Which brings us to the scene that changed my tune. There she stands, on the clock and ready for another unending evening of bad news. If I had to guess, we’re on Fremont Street, a boulevard of broken dreams that somehow appear even more broken than usual. So broken they had to turn the place into a nostalgia trip, as if you could simply splash a little more neon on a strip of sadness and call it an evening. No more drinks to bring, she decides instead to dance. Solo. Because what else is a person to do when faced with Bonnie Tyler’s “Total Eclipse of the Heart”. Pathetic? Sure. A last gasp at youth and beauty? Almost certainly. Ass-over-tits drunken attention whoring? I can see that. Defiant and heartbreaking, all in the right ways? Goddamn right.
If you laugh, you’re missing the point. Believe me, when I’m at my breaking point (and that could be any day now), I hope I have one last “fuck you” to deliver. One where no gets hurt, no police need to be called, and body bags aren’t part of the equation. Just a final chin-up, head-held-high, damn-the-haters flag planting that says, I was here. No, I didn’t matter (no sense in exaggerating anything at this point), and no, I certainly didn’t offer the world much by way of talent, insight, or beauty, but I did my best, even if my best mattered little to anyone. Thousands of drinks handed off, maybe a couple of patrons remembered my name. Maybe I strolled up right as someone reversed course and nailed a jackpot. Sure, stinking drunks copped way too many feels, but maybe my tits were the best tits they ever knew. A woman can hang her hat on that, can she not? At least they’re still grabbing.

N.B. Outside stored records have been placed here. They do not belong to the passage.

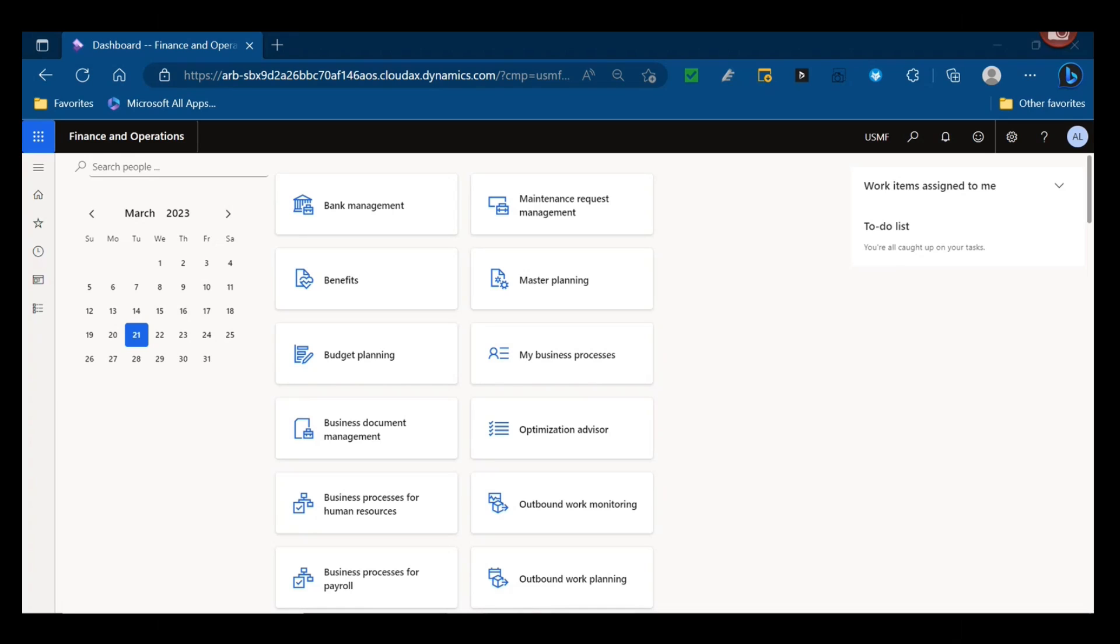Welcome back to Dynamics Unplugged and another edition of Dynamics 365 Finance and Supply Chain Management Dynamics A to Z. Today we're back with the letter I, and I is for a very important setup and configuration if you are stocking inventory, and that's item model groups.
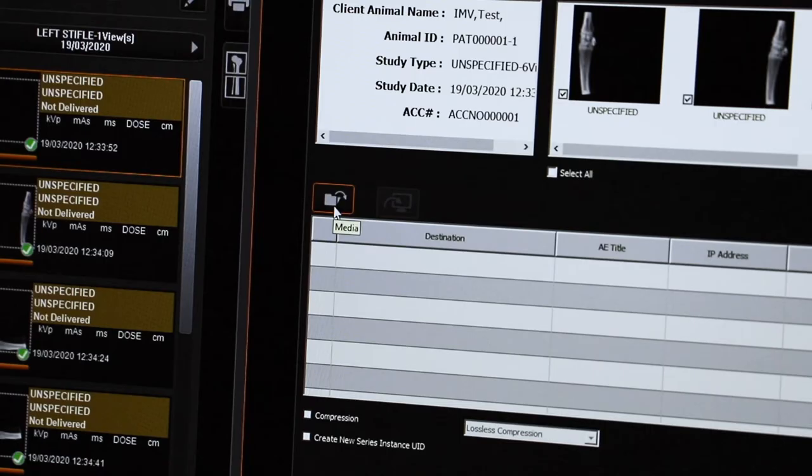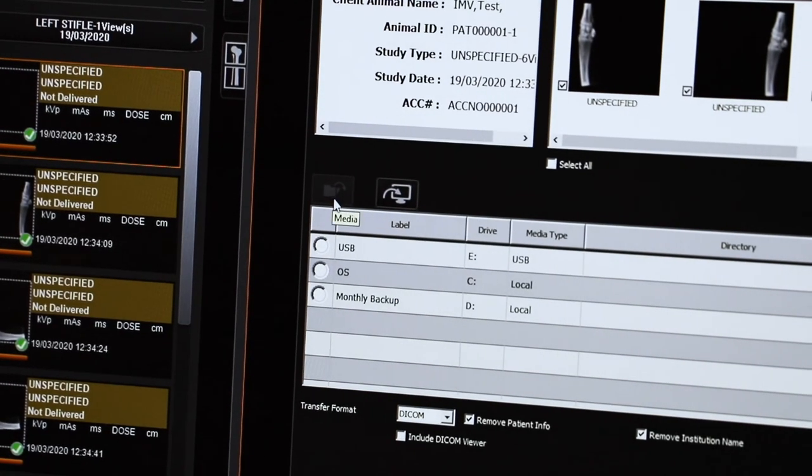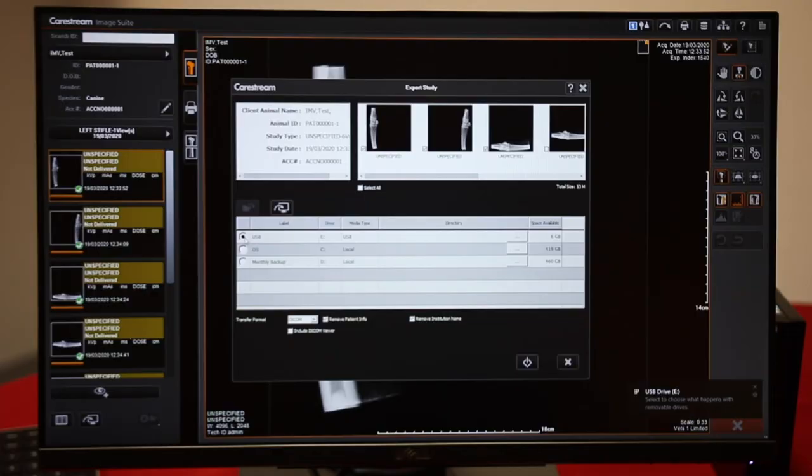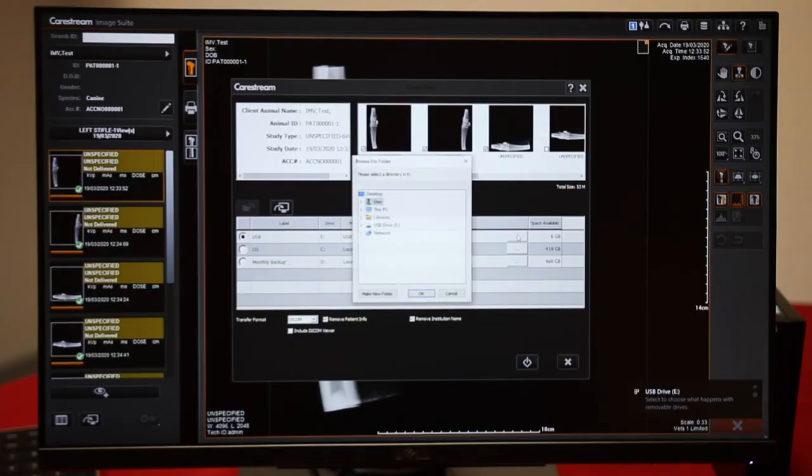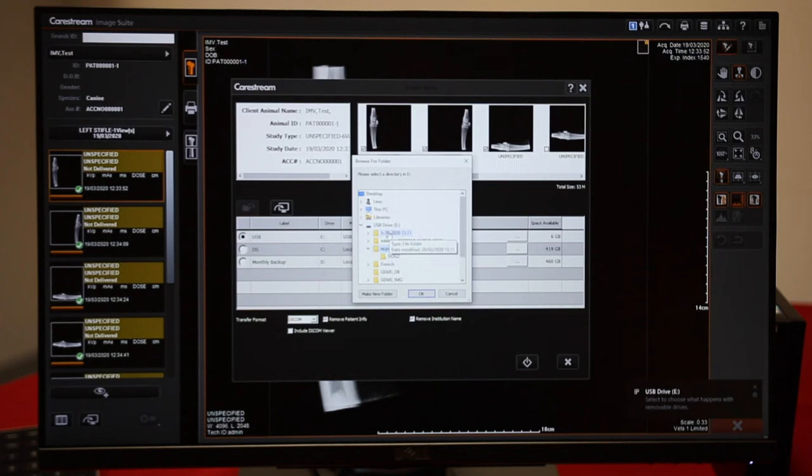Select your media. Here I'm going to pick USB. We need to click in here to select a folder. Press OK.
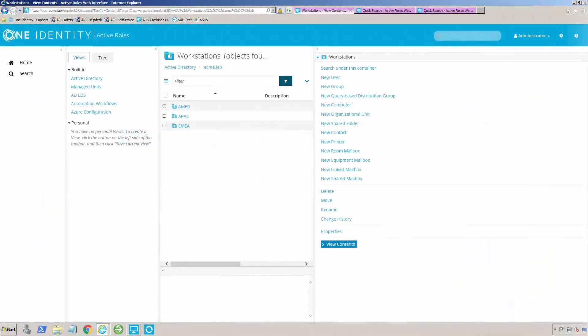Not only do we have to create and maintain users, but we also have to have the computer accounts that go along with them, and this is something Active Roles handles as well.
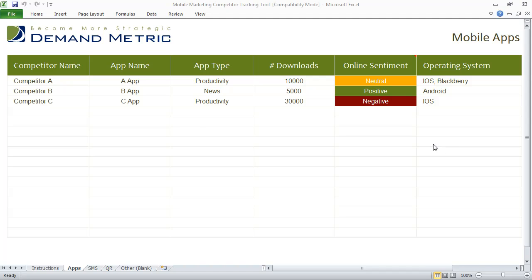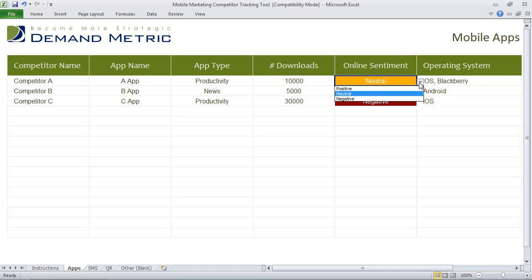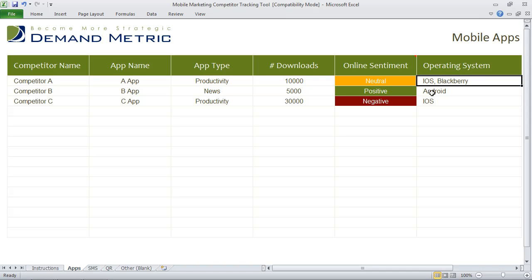We've given you a few different examples here, and this is a mobile app. In this case, we're following three different competitors — competitors A, B, and C — and we just want to find out how many people have downloaded it, what the overall reviews or sentiment is (positive, neutral, or negative), and what operating system they're using.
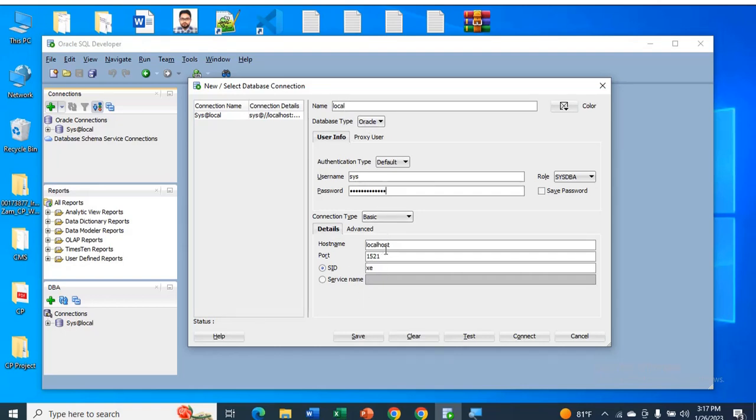For the hostname, localhost. Port 1521. SID: XE.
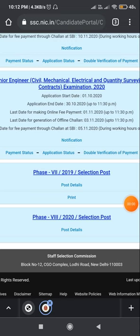Hello friends, welcome to the e-learning for all YouTube channel. Today we are discussing how to download your application form of SSC Phase Eight Selection Post 2020.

In a movie that, like Aronofsky’s The Wrestler, accurately validates the idea that the best stories are not about the ascent, but rather the fall, the ultimate privilege is in the further realization that absent the broken, we’d have no real stories to tell. Happy endings? Anything that ends in death is inherently joy’s polar opposite, and yes, there’s always – always – going to be a final performance. The show will, at some point, close. Here, again, is where we nod our heads. Gia Coppola could have made a movie about a showgirl’s rise to fame and the thirty-odd years she made good.
Hell, we could have seen Annette in her salad days; young and wide-eyed, talking first homes, next steps, and maybe kids and a picket fence. All dull. All fantasy. No, we want the fade out. The quiet nights sans applause. The dark times when the world has finally announced its indifference. Despite calls to make trauma a competition, I refuse to grant that suffering is a show and tell of compare and contrast. We all have our pain; we all traffic in the silences. In the end, we’re all Annette, asking for one more bow.